また、フイルム搬送時の乾燥は、ポリマー材料のガラス転移点±３０℃、更に好ましくは±２０℃で行うことが好ましい。
【００５０】
また、上記吸湿による寸度変化を小さくする別な方法として、疎水基を有する化合物を添加することが好ましい。疎水基を有する素材としては、分子中にアルキル基やフェニル基のような疎水基を有する素材であれば特に制限はないが、前記のセルロースアシレートフイルムに添加する可塑剤や劣化防止剤の中で該当する素材が特に好ましく用いられる。その例としては、トリフェニルフォスフェート（ＴＰＰ）、トリベンジルアミン（ＴＢＡ）を挙げることができる。

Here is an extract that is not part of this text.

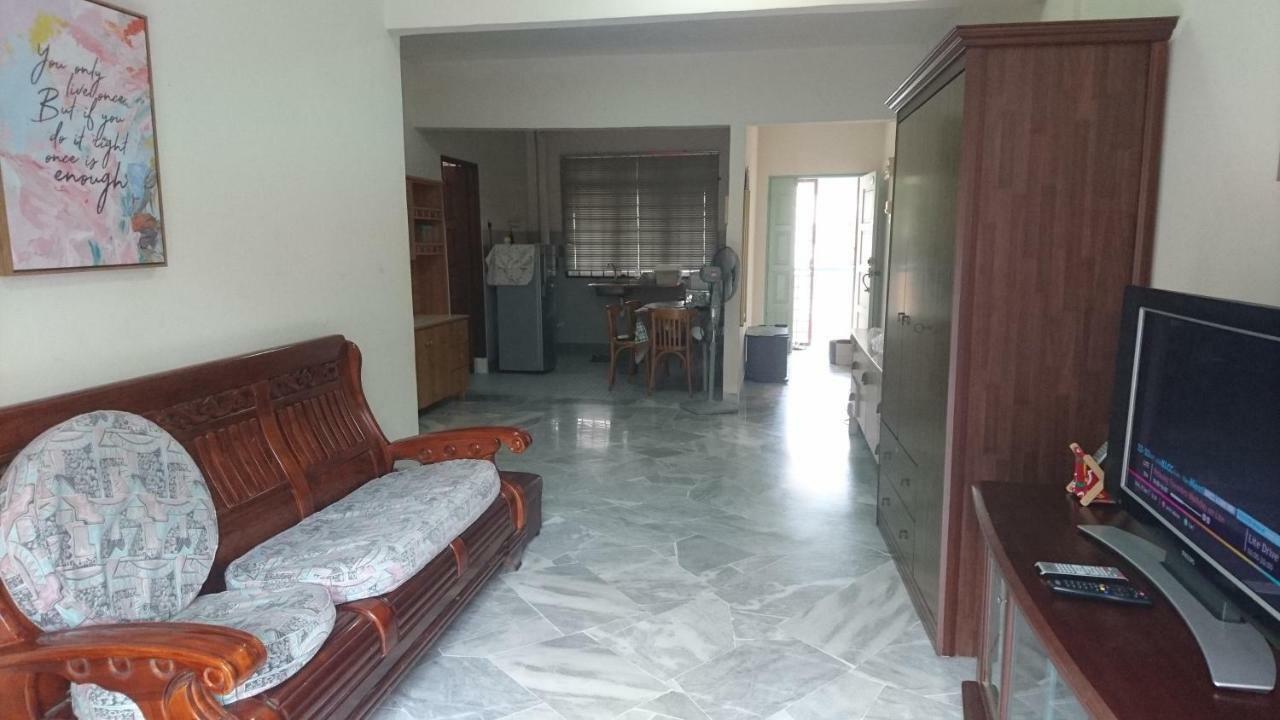 Family Beach Condo Pd At Cocobay Resort Condominium Porto Dickson Exterior foto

これらの疎水基を有する化合物の添加量は、調整する溶液（ドープ）に対して０．０１乃至１０質量％の範囲にあることが好ましく、０．１乃至５質量％の範囲にあることがさらに好ましく、１乃至３質量％の範囲にあることが最も好ましい。
【００５１】
［セルロースアシレートフイルムの表面処理］
セルロースアシレートフイルムは、表面処理を施すことが好ましい。具体的方法としては、コロナ放電処理、グロー放電処理、火炎処理、酸処理、アルカリ処理または紫外線照射処理が挙げられる。また、下塗り層（例えば、特開平７−３３３４３３号公報に記載）を設けることも好ましい。
フイルムの平面性を保持する観点から、これら処理においてセルロースアシレートフイルムの温度をＴｇ（ガラス転移温度）以下、具体的には１５０℃以下とすることが好ましい。
偏光板の透明保護膜として使用する場合、偏光膜との接着性の観点から、酸処理またはアルカリ処理、すなわちセルロースアシレートに対するケン化処理を実施することが特に好ましい。
表面エネルギーは５５ｍＮ／ｍ以上であることが好ましく、６０ｍＮ／ｍ以上７５ｍＮ／ｍ以下であることが更に好ましい。
【００５２】
以下、特に好ましいアルカリ鹸化処理について、具体的に説明する。
セルロースアシレートフイルムのアルカリ鹸化処理は、フイルム表面をアルカリ溶液に浸漬した後、酸性溶液で中和し、水洗して乾燥するサイクルで行われることが好ましい。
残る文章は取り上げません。